How the pandemic and lockdown have hit labour markets
The 2019-20 Periodic Labour Force Survey (PLFS), which was released last week by the National Statistical Office (NSO), shows a fall in the unemployment rate from 5.8% in 2018-19 to 4.8% 2019-20. Since PLFS follows a July-june timeline rather than the fiscal year (April-march) period, the 2019-20 report includes the 68-day-long hard lockdown.
What do the headline numbers show?
The three most important numbers in the PLFS report are labour force participation rate (LFPR), work participation rate (WPR) and unemployment rate (UR).
LFPR is the share of population in a given age group which is either working or looking for a job. WPR is the share of population which is actually working. UR is the percentage of unemployed persons in the labour force. There have been three PLFS reports so far, the latest one covering the period from July 2019 to June 2020. A comparison of the three reports shows that LFPR was the highest in 2019-20 and unemployment rate the lowest But these numbers hide more than they reveal. Here is why.
Does this mean that there was no distress in labour markets during the lockdown?
An HT analysis suggests that the headline employment numbers in the latest report might be misleading, and a careful reading of the report and the unitlevel data does show signs of pandemicdriven distress in labour markets.
Covid forced a distress-driven rise in rural jobs
Images of thousands of migrant workers walking back to villages after the lockdown are among the most graphic memories of economic distress during the pandemic. The 2019-20 PLFS offers the first official proof of this distress. In keeping with established wisdom on economic transformation, the share of agricultural employment in India has been falling gradually. But 2019-20 was an exception to this trend when agricultural employment actually increased from 42.5% in the 2018-19 PLFS to 45.6% in the 2019-20 PLFS. A comparison of absolute number of jobs by sectors shows that agriculture more than compensated for the job losses in all other sectors of the economy in the April-june 2020 period.
The picture becomes even clearer once we look at the quarterly numbers for April-june 2020 and April-june 2019. On a year-on-year basis, urban India saw a reduction of 11.05 million jobs in the April-june 2020 period and rural India saw the addition of 14.7 million jobs.
However, the unemployment rate – or the share of people looking for jobs who didn’t find one – increased in both rural and urban areas. As is obvious, unemployment rate increased more sharply in urban areas (from 8.9% to 20.8%) than in rural areas (from 8.7% to 12.2%).
The reason unemployment numbers did not increase on an annual basis despite a sharp rise during the lockdown months is simple. They decreased sharply in the July-september 2019 and the October-december 2019 quarters, and to a lesser degree even in the January-march 2020 quarter.
That there was distress in urban job-markets was obvious from the quarterly PLFS report for April-june 2020, released in March this year which covers only urban areas. Where the annual report really offers an insight is the rise in what seems to be distress-driven rural employment.
What happened to wages during lockdown?
The short answer is they fell sharply. PLFS gives wage data for three kinds of employment categories: regular wage/salaried, casual workers and self-employed.
The self-employed were the worst hit during the lockdown, while regular wage workers suffered a contraction in incomes only in rural areas.

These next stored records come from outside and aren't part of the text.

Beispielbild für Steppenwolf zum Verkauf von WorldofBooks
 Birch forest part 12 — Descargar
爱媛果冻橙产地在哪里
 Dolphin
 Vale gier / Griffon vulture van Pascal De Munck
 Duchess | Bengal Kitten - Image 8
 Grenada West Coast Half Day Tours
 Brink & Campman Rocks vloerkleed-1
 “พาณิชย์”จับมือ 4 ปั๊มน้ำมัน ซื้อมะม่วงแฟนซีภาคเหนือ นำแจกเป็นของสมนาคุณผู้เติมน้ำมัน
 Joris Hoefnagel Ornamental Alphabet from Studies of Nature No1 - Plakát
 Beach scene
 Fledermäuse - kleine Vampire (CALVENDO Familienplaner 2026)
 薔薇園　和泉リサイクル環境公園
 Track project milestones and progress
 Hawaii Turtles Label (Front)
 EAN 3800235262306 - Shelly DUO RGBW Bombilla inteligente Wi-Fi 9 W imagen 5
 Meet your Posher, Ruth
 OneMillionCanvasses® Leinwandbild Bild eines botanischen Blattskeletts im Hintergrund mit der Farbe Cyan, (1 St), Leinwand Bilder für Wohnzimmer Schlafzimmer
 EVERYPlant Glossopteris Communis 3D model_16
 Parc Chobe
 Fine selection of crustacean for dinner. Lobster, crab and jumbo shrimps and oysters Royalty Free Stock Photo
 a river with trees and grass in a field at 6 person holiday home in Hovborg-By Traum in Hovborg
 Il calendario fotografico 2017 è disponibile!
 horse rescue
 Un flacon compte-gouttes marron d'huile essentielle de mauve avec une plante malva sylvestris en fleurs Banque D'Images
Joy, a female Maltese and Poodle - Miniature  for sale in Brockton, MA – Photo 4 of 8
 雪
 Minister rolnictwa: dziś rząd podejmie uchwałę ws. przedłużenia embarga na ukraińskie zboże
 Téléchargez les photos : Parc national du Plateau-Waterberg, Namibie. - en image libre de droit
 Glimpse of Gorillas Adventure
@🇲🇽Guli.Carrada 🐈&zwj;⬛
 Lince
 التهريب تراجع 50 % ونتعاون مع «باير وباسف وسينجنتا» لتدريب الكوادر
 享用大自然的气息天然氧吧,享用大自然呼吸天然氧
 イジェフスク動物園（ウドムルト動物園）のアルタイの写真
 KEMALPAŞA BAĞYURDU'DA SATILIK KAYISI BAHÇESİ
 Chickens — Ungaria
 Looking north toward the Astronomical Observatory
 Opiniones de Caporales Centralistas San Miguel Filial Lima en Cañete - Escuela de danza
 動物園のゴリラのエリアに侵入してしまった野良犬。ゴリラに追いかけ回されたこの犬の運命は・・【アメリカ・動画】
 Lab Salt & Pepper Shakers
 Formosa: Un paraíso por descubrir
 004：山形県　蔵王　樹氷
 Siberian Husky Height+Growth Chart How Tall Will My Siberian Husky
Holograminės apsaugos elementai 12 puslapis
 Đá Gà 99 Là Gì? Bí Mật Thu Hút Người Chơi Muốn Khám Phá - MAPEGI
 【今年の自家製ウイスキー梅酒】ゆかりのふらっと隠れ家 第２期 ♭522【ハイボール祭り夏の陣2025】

The plight of self-employed workers was the worst in urban areas, where real wages fell to 75% of what they were a year ago. While regular wage workers do show an increase in wages at the national level, they only account for about a quarter of the total workers in the data from Periodic Labour Force Survey.
Underemployment increased as well
To be sure, both employment and wage statistics do not capture the actual stress in labour markets after the pandemic. This is borne out by another statistic in PLFS; the average number of hours for which work was available to different kind of workers.
An average worker worked for 46.5 hours in a week in the April-june 2019 period. This came down to 37 hours in the April-june
2020 period. Urban areas reported a bigger reduction because both regular wage and self-employed recorded a big decrease in hours worked (on account of the hard lockdown). The self-employed were biggest losers in urban areas, while regular wage-earning workers were the biggest losers in rural areas.
“An unprecedented increase in share of agricultural employment underlines the rise in distress-driven employment during the pandemic,” said Himanshu, an associate professor of economics at Jawaharlal Nehru University. “It is a well-known fact that more people join the workforce during periods of economic distress to compensate for the loss of incomes and the situation must have become worse given the fact that the government offered very little in terms of direct support during the pandemic.”